▶ _WHAT IS EXPECTED_
Could you restate the data below word for word, without its pictures?

▶ _PROVIDED MATERIAL_
______
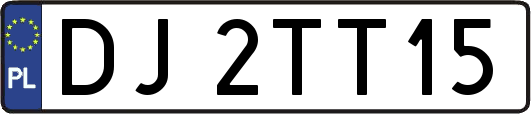 DJ2TT15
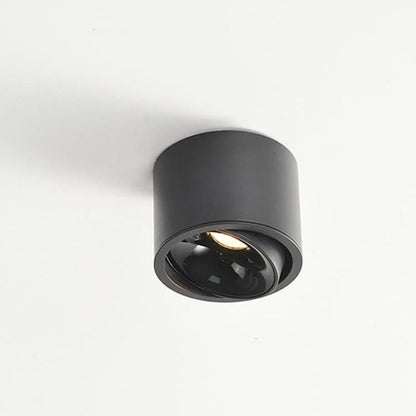 LED Ceiling Light Round Recessed Adjustable Lamp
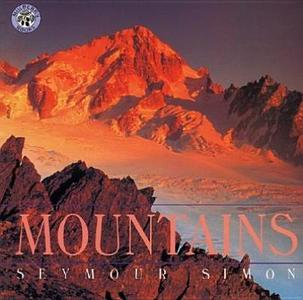 Mountains di Seymour Simon edito da HARPERCOLLINS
______
▶ _WRITTEN SOLUTION_
 DJ2TT15
 LED Ceiling Light Round Recessed Adjustable Lamp
 Mountains di Seymour Simon edito da HARPERCOLLINS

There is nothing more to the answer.